Jeff Barnaby a grandi dans la communauté Mi’gMaq de Listiguj. Artiste multidisciplinaire, il s’est mérité plusieurs prix pour ses œuvres, qu’ils prennent la forme de poèmes, de contes ou de courts métrages. Son travail propose une vision frontale et post apocalyptique de l’Amérindien dans son univers contemporain. From Cherry English, son premier court, a gagné deux prix Golden Sheaf (au festival de Yorkton) et a été présenté dans de nombreuses manifestations cinématographiques comme Sundance, Tribecca, Fantasia, le Vancouver International Film Festival, l’Atlantic International Film Festival.
Le film suivant The Colony livre crûment une histoire graveleuse de trahison, de désolation et de désintégration.
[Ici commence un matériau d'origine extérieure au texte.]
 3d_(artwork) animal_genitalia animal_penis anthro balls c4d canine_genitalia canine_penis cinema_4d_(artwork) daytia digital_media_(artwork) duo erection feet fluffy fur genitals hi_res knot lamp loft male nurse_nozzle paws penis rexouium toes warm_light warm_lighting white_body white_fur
Suivant un scénario inventif et un tournage sans défaut, c’est une œuvre puissante dans laquelle scies à chaîne et coquerelles sèment la dévastation pendant que le héros s’enfonce dans la démence.
Entrevue avec Jeff Barnaby
« Je suis un Mi’gMaq de Listiguj, la réserve qui est connue surtout à cause du raid que la SQ y effectua en 1979 ; Alanis Obomsawin a fait un film sur ces événements.
Très jeune, j’ai manifesté un intérêt pour les arts principalement l’écriture, la musique et le dessin. Mais après avoir découvert le cinéma et vu à quel point les films ont été préjudiciables aux peuples autochtones, j’ai décidé de m’orienter vers une carrière cinématographique.
C’est vrai que mes films sont violents, hyperboliques, extrêmes. Mes personnages expriment avec intensité la douleur sourde et le désespoir muet qui se vivent au quotidien dans nos communautés. Je ne vais pas mettre des gants blancs pour rappeler gentiment que nos langues sont en perdition et que nos cultures s’effritent. Nous n’avons plus qu’une pâle idée de ce que nous avons perdu et qui nous manque désespérément. Mes films sont une sirène d’alarme. Pour réveiller les gens de leur léthargie, il ne faut pas se gêner de donner des coups de pieds au cul.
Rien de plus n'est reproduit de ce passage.